1.2. Intensités et degrés de probabilité : dynamiques des passages vers le futur

1.2.6. D. La préfiguration (preplay) chez les souris

De très récentes approches en neurosciences ont démontré de surprenantes facultés sinon de prémonition tout au moins de préfiguration189 chez les souris. Dans le numéro 469 du magazine scientifique de renommée internationale Nature, paru le 20 janvier 2011, Georges Dragoi et Susumu Tonegawa rapportent les résultats qu’ils ont obtenus au terme d’expériences sur les neurones des souris durant des déplacements dans l’espace :

« Durant l’exploration de l’espace les neurones de l’hippocampe démontrent un schéma d’activation séquentiel dans lequel des neurones singuliers s’activent spécifiquement à certaines positions durant la trajectoire de l’animal (cellules de position ).
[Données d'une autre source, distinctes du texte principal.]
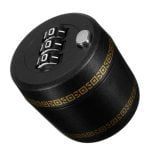 Tapón de Seguridad para Vino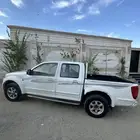 وانيت جريل اول للبيع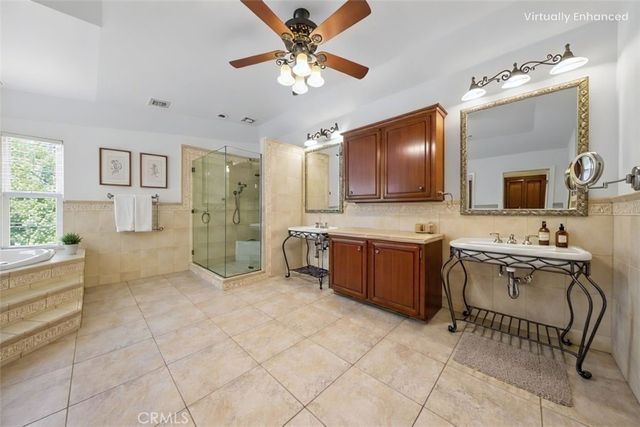 20455 Somma Drive, Perris, CA 92570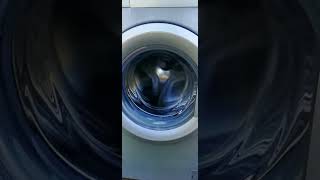 washing machine beko unbalanced #automobile #зеленогорсккрасноярскийкрай #cleantok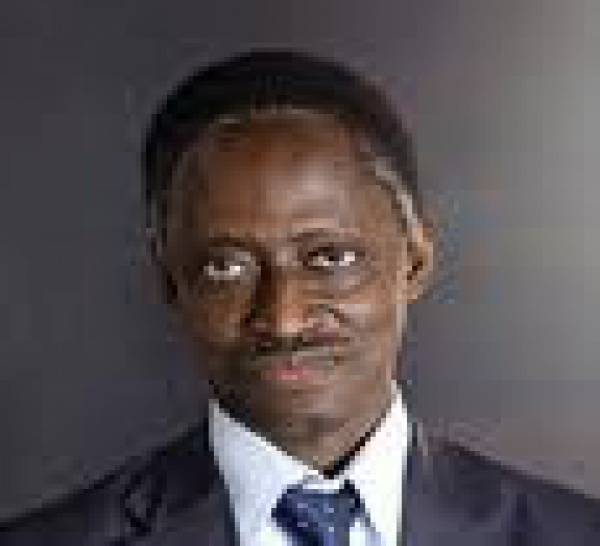 «Nous sommes à l’aube d’une nouvelle alternance» (Massaër Diallo au Grand Jury)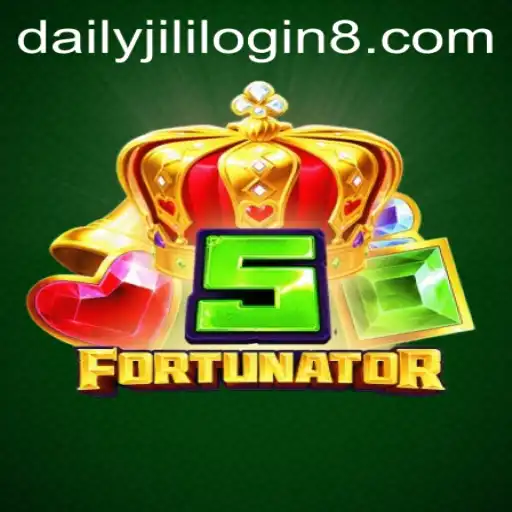 Discover the Thrills of 5Fortunator: Rules, Gameplay, and Daily Jili Login Insights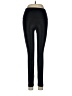 Lululemon Athletica Black Active Pants Size 6 - photo 1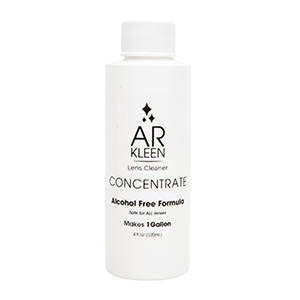 AR-Kleen-Concentrate-4-fl-oz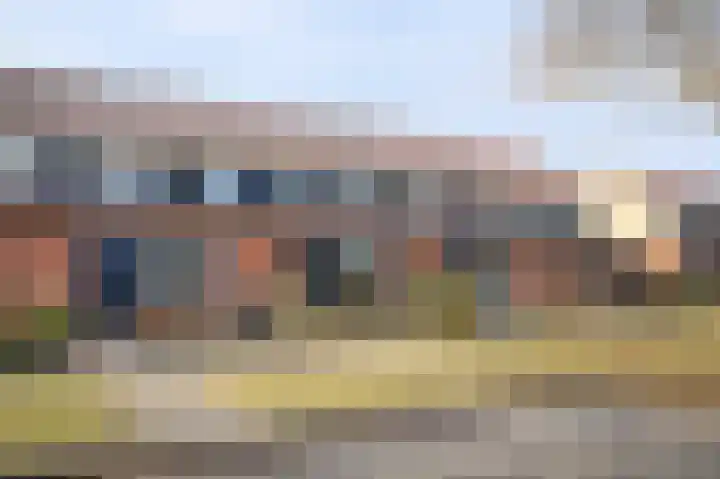 Alexander Dubcekweg 161 in Assen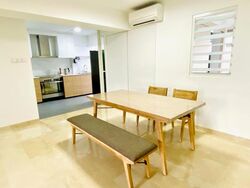 Blk 7A Commonwealth Avenue (Queenstown), HDB 4 Rooms #406317021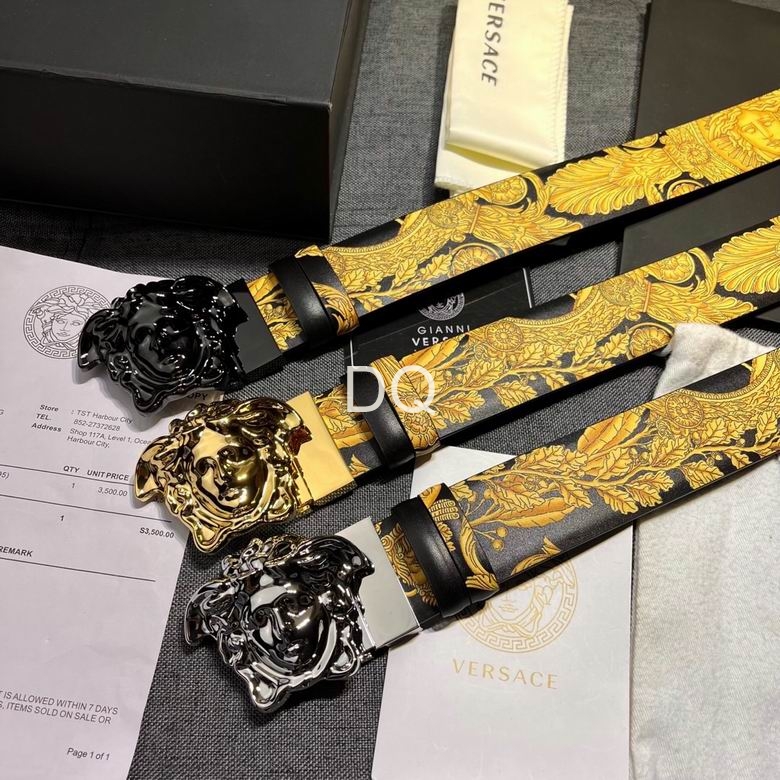 Versace 40mmx95-125cm (53)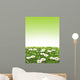 Meadow Wall Mural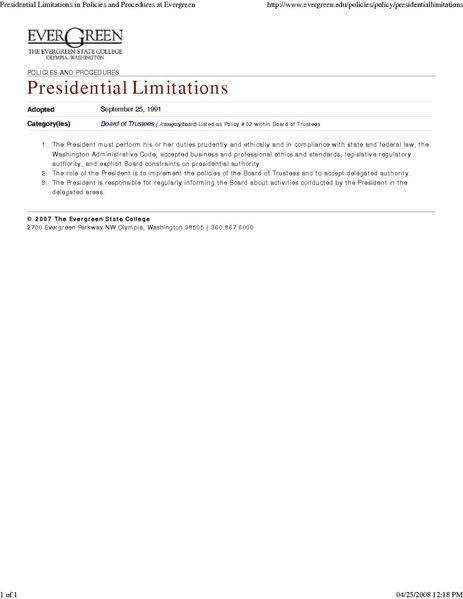 File:PresidentialLimitations.pdf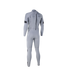 ION Seek Core 5/4 Back Zip men 2026-Wetsuits-ION Water-XS-Black-Surf-store.com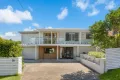 Property photo of 29 McPhail Avenue Kingscliff NSW 2487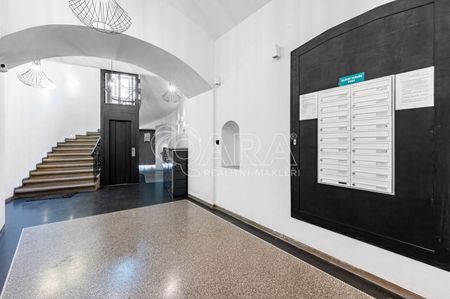 Pronájem bytu 3+kk 123 m² - Photo 4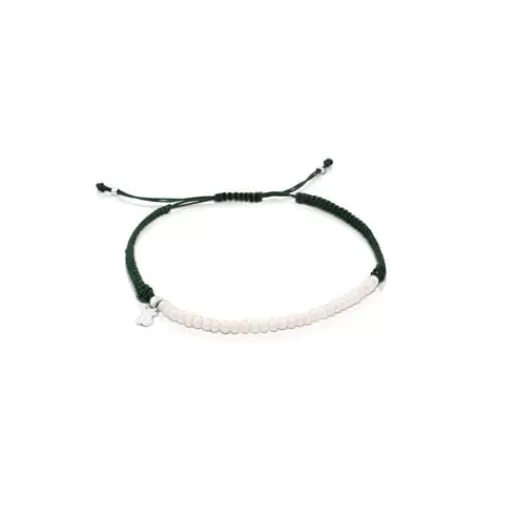 New Silver Color Bracelet with pearls Silver Bracelets | Pearl Bracelets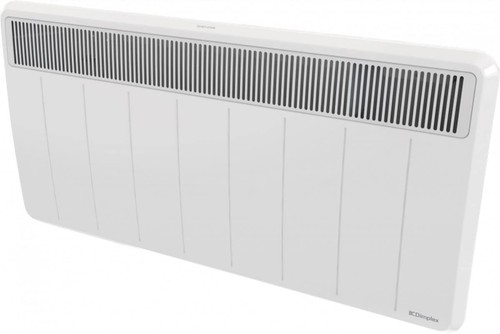 Dimplex plx300e 3kw - dimplex, electronic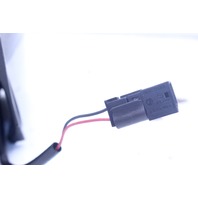 2005 2006 2007 2008 Porsche 911 997 Carbon Dash Air Vent Carbon Fiber Leather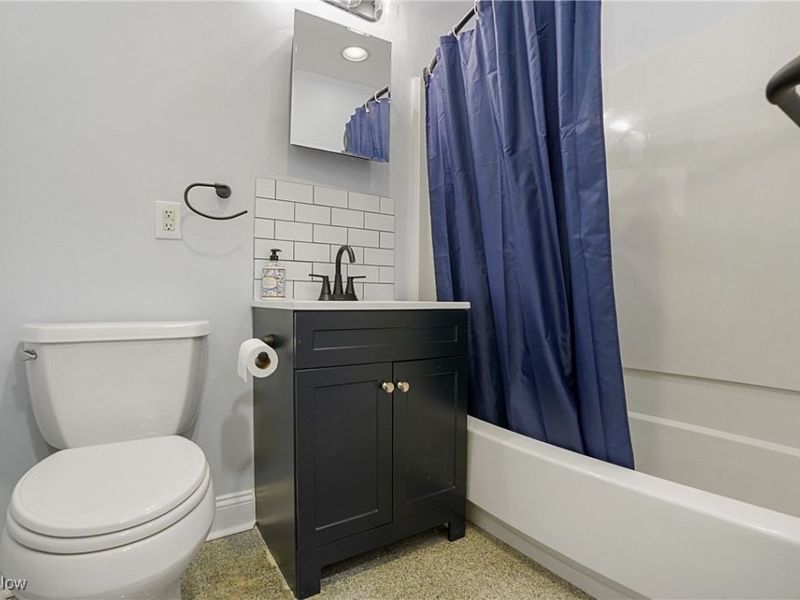 7429 Sylvan Drive, Kent, OH 44240 Photo 31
Selon le modèle dominant de l’activité des ensembles de cellules de l’hippocampe, l’ordre d’activation des cellules de position est établi pour la première fois durant l’exploration pour enregistrer, et est par la suite rejoué durant le repos ou le sommeil lent pour consolider l’expérience. […] Nous rapportons que des séquences temporales d’activation de cellules de position relatives une nouvelle expérience dans l’espace se produisent un nombre significatif de fois durant les phases de repos ou de sommeil précédant l’expérience. Ce phénomène qui est appelé préfiguration (preplay), s’est produit séparément des séquences où se rejouaient une expérience familière. Ces résultats suggèrent que des processus neuronaux internes durant le repos ou le sommeil organisent des assemblages de cellules de l’hippocampe en séquences temporelles qui participent au codage d’expériences originales connexes qui se produiront dans le futur.190 »

189 Le terme anglais preplay nous paraît désigner un phénomène moins complexe que la prémonition, plutôt une préfiguration d’un parcours inconnu, tout au moins dans l’expérience qui a été conduite sur des souris.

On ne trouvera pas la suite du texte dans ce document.